:: Task inputs

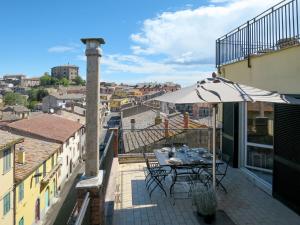 a balcony with a table and an umbrella at Holiday Home Mimmina by Interhome in Capodimonte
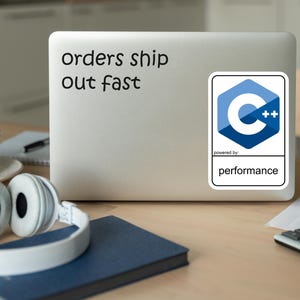 May include: A laptop with a sticker that says "orders ship out fast." A C++ logo sticker is also on the laptop. White headphones, a blue notebook, a cup, and a calculator are on the wooden desk.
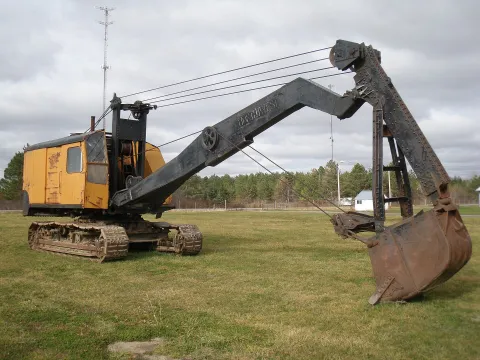 Excavator with a specialty attachment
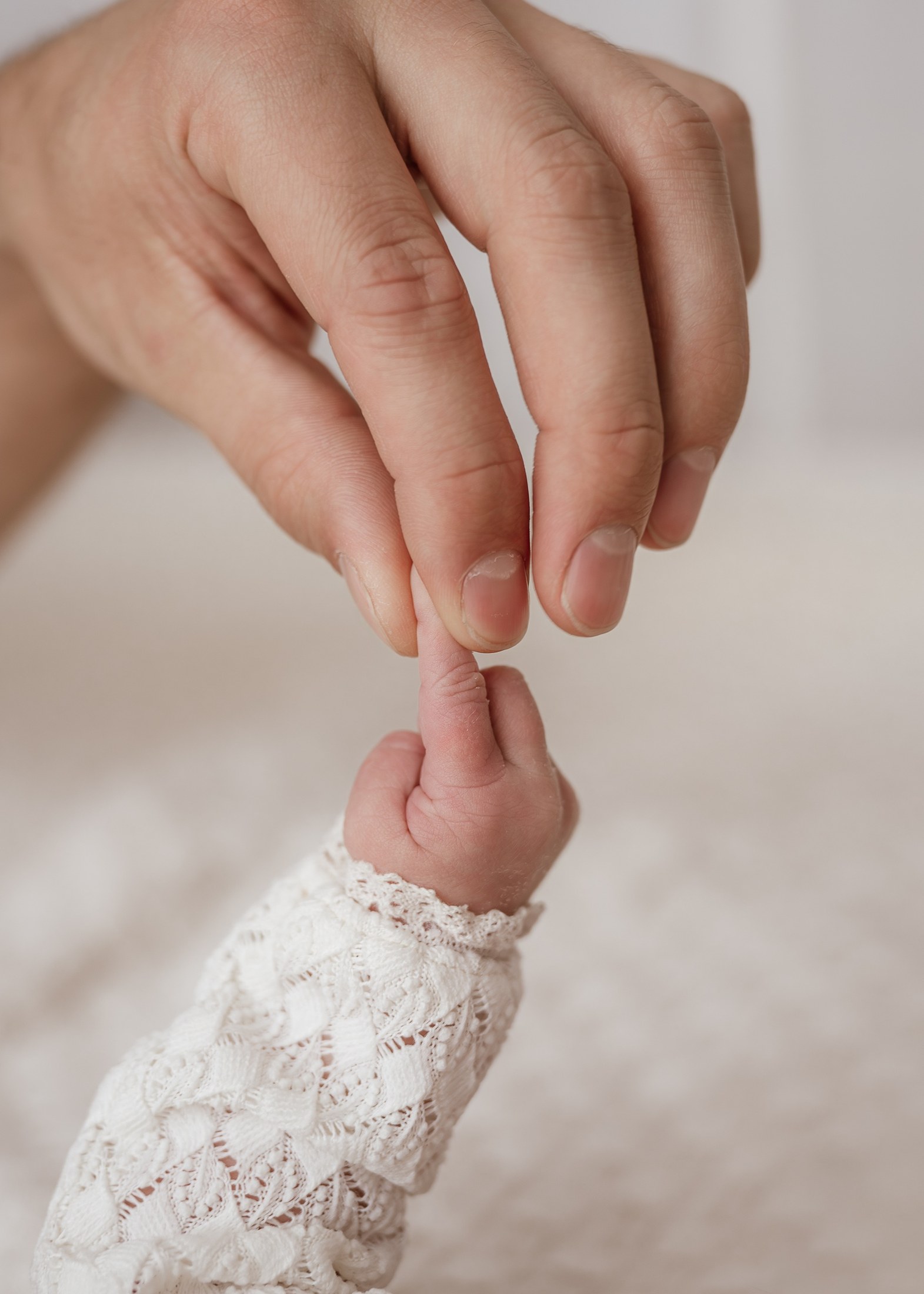 Neugeborenenhand greift nach dem Finger des Vaters
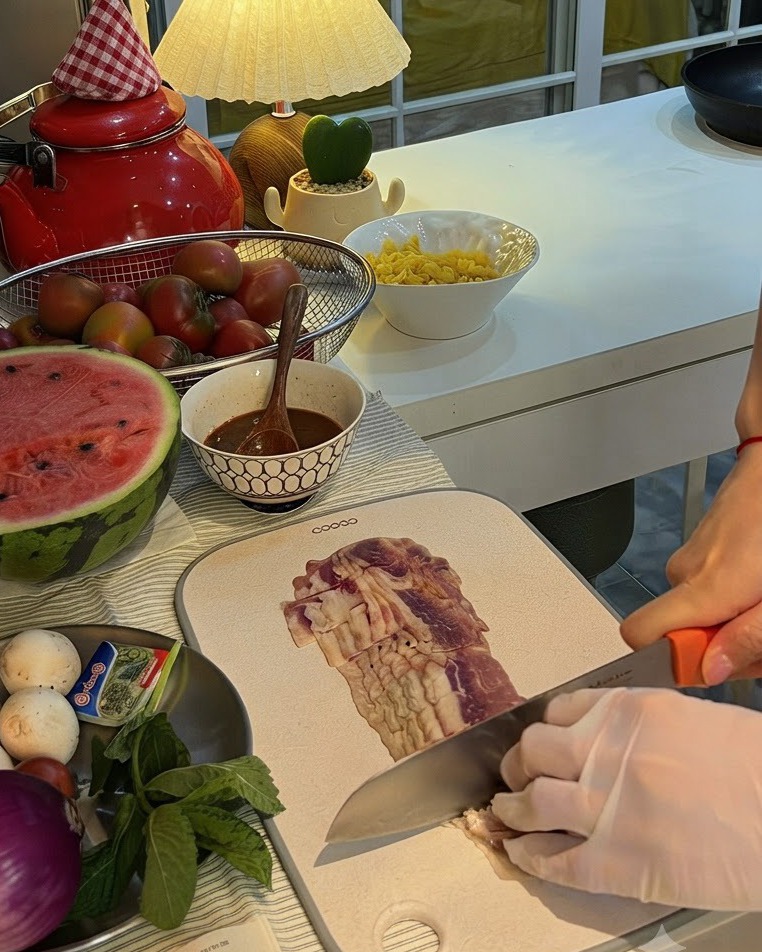 Una cipolla rossa tagliata a metà su un tagliere vicino a un piatto di funghi e menta fresca.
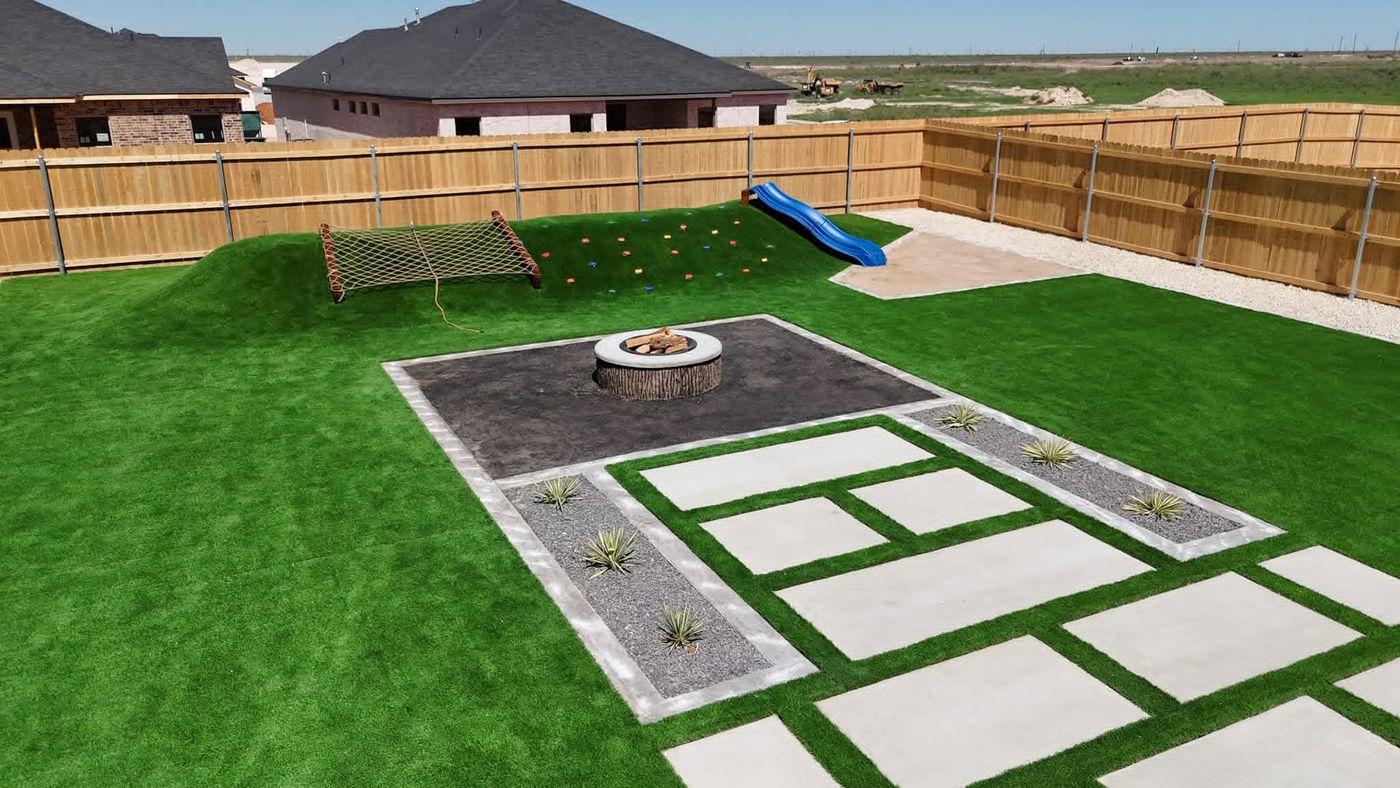 Aerial of family backyard with artificial turf, round fire pit and built-in play zone in Northwest Passage, Midland TX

::::

▶ _Task brief_:
Give the data again exactly. Keep the images out.

▶ _Exercise output_:
 a balcony with a table and an umbrella at Holiday Home Mimmina by Interhome in Capodimonte
 May include: A laptop with a sticker that says "orders ship out fast." A C++ logo sticker is also on the laptop. White headphones, a blue notebook, a cup, and a calculator are on the wooden desk.
 Excavator with a specialty attachment
 Neugeborenenhand greift nach dem Finger des Vaters
 Una cipolla rossa tagliata a metà su un tagliere vicino a un piatto di funghi e menta fresca.
 Aerial of family backyard with artificial turf, round fire pit and built-in play zone in Northwest Passage, Midland TX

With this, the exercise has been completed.